Generally, the evidence is very positive for women -- as their careers start. Women are slightly more likely than men to have their first jobs on the tenure track (42 percent vs. 40 percent) and slightly less likely than men to have faculty jobs off the tenure track (26 percent vs. 28 percent). But these figures reverse themselves 6 to 10 years after a Ph.D., at which point men are more likely to have tenure or jobs outside of academe (generally with higher salaries than those for professors) and women are more likely to have jobs off the tenure track.
Employment Status by Gender 6-10 Years After Ph.D. in Social Sciences
|Tenure-track, but not tenured||32%||32%|
|Business, government or nonprofit||17%||20%|
While not answering definitively why this gap appears, the report notes significant differences for men and women in marriage (or partnerships) and family life.
Men are more likely to be married 6-10 years out (79 percent to 71 percent). But the more significant difference may be who male and female social scientists marry. Women still "marry up," the report says, noting that women in the survey are much more likely to be married to fellow Ph.D.'s while men are more likely to be married to people with less education than they have.
Just this week, a Stanford University study  noted that academic woman at top research universities are more likely than their male counterparts to be married to fellow academics -- and noted that this makes their career advancement in academe more difficult as they need to navigate dual-career issues.

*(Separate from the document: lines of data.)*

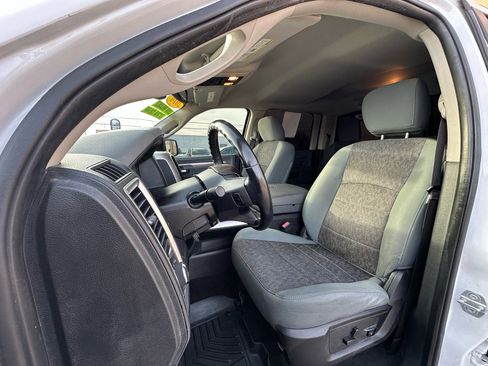 Used 2016 RAM 1500 Lone Star image 10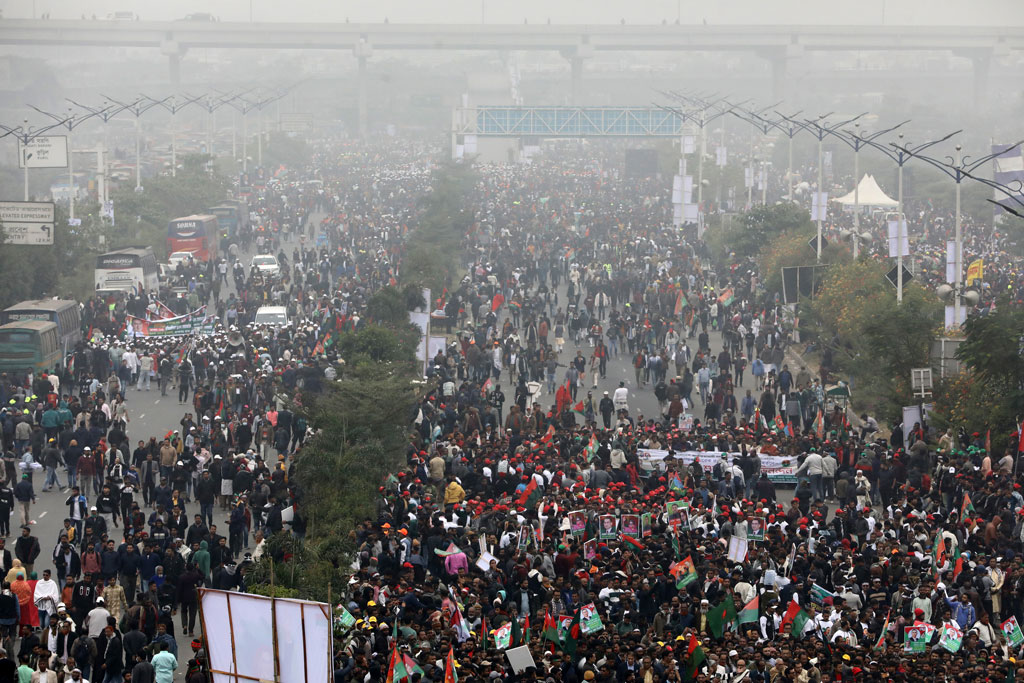 তারেক রহমানের স্বদেশ প্রত্যাবর্তন উপলক্ষে জনসমাবেশের পর পরিচ্ছন্নতা কার্যক্রমে ঢাকা মহানগর উত্তর বিএনপি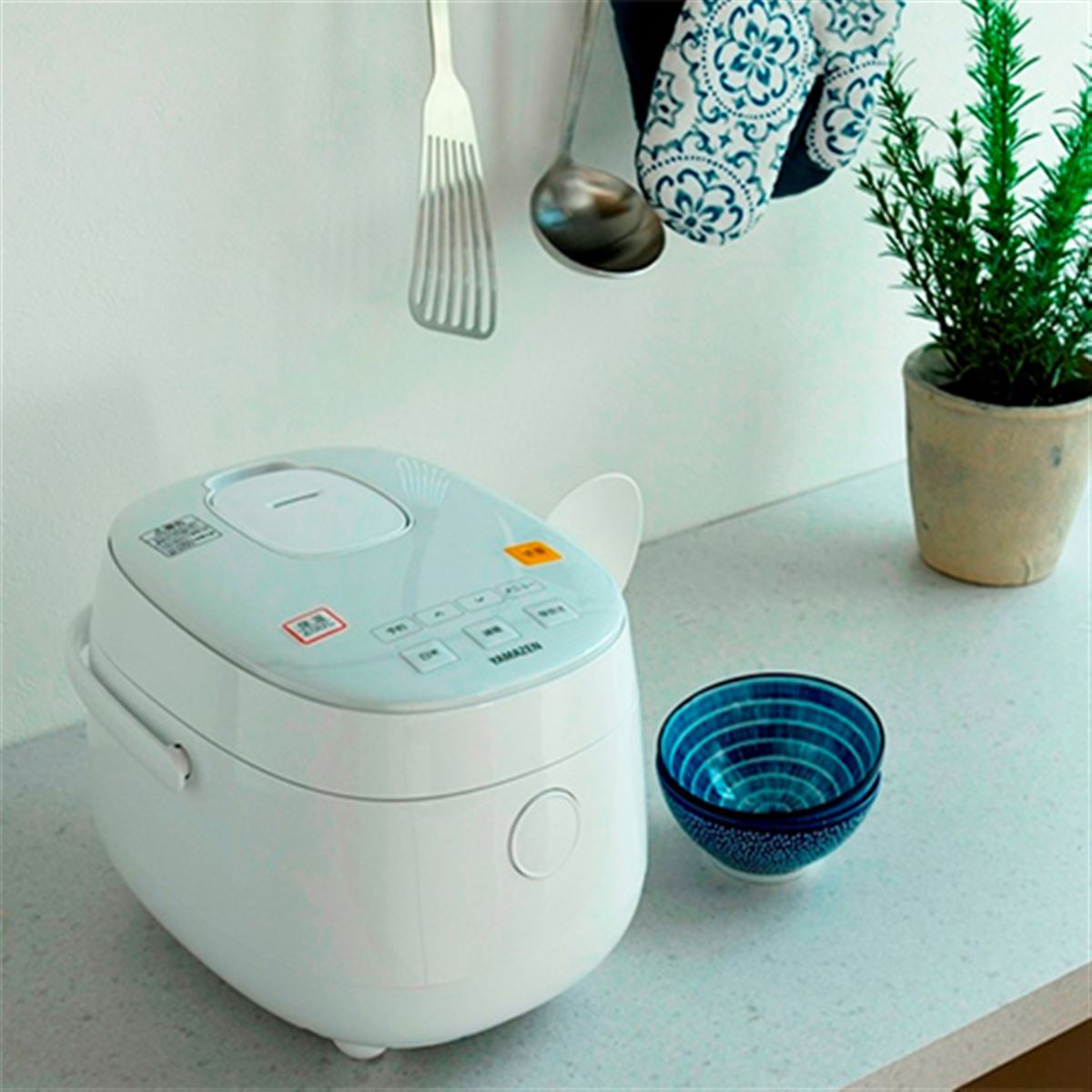 YAMAZEN、穴あき内釜が付属するマイコン炊飯器「YJF-M30CC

The study on the social sciences suggests that this situation extends well beyond the top universities examined by Stanford.
Educational Attainment of Partners of Social Science Ph.D.'s
|Partner has Ph.D.||34%||17%|
|Partner has other doctoral degree (M.D., J.D. etc.)||10%||7%|
|Partner has master's degree||27%||35%|
|Partner has bachelor's degree or less||29%||41%|
Perhaps not surprisingly, in light of those statistics, women in the social sciences are more likely than men to report that they changed jobs because their partner needed to move for professional reasons.
About three-fourths of the social scientists studied -- men and women alike -- said that they wanted to be parents. But 6 to 10 years out, men were more likely (66 percent to 61 percent) to have become parents. And of those who wanted to become parents, half of all women had delayed parenthood for career-related reasons -- more than twice the figure for men.
The study was prepared by Elizabeth Rudd, Emory Morrison, Joseph Picciano and Maresi Nerad. In an interview Wednesday, Rudd said that the question of "equal footing" still hadn't been answered. She said that, if Ph.D. production continues with equal numbers of men and women, some of the gaps in job experience and personal choices may also change. But that clearly hasn't happened yet, said Rudd, a research scientist at the University of Washington.
New equity measures may be needed, she said. When men and women are equally likely to delay childbirth or in other family/work balance issues, she said, "that will be an important indicator."